Short web captions
------

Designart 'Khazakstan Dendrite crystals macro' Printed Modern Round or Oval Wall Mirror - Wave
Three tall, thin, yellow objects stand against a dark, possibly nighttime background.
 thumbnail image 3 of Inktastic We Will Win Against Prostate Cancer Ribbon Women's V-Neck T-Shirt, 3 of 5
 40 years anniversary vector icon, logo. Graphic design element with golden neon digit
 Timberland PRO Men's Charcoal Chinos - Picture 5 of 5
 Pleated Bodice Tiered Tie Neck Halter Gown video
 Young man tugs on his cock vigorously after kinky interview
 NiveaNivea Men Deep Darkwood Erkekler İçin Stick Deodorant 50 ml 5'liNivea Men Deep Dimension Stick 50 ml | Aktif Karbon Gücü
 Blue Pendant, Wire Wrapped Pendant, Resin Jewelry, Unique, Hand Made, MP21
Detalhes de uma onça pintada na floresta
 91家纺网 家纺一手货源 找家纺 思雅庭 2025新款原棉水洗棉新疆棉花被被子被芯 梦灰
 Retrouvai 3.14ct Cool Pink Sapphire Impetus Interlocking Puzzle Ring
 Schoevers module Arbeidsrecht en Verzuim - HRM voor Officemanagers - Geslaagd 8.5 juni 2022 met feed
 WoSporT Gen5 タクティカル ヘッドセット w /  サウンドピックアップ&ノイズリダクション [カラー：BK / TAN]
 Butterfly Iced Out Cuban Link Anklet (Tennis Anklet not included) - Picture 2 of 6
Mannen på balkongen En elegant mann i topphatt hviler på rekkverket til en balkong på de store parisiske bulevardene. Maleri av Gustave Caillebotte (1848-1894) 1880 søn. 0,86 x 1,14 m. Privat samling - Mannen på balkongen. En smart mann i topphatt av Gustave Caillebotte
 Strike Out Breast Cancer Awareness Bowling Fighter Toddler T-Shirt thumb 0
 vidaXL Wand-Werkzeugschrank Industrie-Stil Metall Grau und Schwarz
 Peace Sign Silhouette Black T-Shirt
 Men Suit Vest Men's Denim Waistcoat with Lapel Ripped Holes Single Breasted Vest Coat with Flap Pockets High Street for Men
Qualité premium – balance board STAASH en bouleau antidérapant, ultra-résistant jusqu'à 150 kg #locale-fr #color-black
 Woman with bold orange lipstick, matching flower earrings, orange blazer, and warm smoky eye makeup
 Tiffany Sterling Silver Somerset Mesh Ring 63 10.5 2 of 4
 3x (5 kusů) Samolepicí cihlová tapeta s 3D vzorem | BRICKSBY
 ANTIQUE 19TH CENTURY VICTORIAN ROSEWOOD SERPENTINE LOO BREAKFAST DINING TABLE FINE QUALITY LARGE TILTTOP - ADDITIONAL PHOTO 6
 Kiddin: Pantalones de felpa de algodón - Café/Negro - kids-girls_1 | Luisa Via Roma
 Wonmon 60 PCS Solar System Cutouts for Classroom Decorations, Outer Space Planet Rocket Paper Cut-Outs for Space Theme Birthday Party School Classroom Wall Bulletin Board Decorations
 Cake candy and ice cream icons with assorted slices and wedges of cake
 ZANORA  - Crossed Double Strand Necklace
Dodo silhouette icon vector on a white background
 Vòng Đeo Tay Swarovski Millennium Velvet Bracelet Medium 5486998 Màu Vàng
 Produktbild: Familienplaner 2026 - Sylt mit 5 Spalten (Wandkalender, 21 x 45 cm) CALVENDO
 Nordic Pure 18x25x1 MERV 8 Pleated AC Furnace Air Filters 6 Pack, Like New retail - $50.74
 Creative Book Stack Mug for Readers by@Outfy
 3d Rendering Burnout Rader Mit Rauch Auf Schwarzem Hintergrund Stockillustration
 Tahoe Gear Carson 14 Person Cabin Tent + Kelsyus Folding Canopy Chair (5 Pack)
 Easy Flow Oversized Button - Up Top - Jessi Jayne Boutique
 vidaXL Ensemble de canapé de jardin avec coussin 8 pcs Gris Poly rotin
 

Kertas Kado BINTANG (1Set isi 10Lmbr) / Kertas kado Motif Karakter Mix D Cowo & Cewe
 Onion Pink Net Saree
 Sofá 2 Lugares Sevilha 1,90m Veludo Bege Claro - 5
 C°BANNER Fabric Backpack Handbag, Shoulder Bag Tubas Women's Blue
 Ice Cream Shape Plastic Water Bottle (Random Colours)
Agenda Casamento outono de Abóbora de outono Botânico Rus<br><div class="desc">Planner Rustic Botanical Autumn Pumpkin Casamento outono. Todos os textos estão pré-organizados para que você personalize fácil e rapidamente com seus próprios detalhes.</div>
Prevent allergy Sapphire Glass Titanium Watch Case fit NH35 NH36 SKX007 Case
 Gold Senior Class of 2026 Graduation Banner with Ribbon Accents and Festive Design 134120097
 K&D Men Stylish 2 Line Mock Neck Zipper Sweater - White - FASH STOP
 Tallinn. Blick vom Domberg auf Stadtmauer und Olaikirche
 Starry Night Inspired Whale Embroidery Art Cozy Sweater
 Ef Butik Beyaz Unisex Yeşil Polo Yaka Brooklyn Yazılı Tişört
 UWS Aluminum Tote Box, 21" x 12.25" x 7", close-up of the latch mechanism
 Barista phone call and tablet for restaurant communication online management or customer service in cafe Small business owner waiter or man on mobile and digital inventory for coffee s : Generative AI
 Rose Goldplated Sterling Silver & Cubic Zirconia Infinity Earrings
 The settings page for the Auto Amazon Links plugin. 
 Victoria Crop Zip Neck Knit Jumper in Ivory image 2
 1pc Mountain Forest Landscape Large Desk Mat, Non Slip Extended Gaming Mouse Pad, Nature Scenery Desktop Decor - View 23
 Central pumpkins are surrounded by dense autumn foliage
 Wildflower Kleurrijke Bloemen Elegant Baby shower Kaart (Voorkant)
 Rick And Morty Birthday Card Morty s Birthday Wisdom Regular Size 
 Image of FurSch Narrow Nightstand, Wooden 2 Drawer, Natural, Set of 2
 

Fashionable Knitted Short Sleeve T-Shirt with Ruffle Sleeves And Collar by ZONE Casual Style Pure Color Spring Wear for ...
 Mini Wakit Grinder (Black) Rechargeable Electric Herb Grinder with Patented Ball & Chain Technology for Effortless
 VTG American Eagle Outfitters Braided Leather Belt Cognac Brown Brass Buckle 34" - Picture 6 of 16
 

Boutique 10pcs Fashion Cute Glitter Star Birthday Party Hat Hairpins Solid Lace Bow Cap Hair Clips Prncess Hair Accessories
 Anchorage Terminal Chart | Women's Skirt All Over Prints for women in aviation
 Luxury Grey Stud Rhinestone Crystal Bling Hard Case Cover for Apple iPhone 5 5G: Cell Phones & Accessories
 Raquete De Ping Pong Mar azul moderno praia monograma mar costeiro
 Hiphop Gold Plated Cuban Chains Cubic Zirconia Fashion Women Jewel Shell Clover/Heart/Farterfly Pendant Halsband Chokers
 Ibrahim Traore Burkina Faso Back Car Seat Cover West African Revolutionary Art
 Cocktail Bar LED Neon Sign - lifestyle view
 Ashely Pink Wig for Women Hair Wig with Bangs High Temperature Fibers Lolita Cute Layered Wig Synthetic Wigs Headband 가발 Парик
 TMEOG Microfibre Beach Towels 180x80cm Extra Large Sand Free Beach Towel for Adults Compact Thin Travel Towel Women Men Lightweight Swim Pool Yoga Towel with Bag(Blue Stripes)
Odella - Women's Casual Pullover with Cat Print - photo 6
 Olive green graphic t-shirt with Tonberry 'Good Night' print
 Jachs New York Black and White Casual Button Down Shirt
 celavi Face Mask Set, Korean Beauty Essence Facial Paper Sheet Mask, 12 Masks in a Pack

------

*What this task involves*. What lines above hold the word "Picture"? List them all.

*Completed task*.
 Timberland PRO Men's Charcoal Chinos - Picture 5 of 5
 Butterfly Iced Out Cuban Link Anklet (Tennis Anklet not included) - Picture 2 of 6
 VTG American Eagle Outfitters Braided Leather Belt Cognac Brown Brass Buckle 34" - Picture 6 of 16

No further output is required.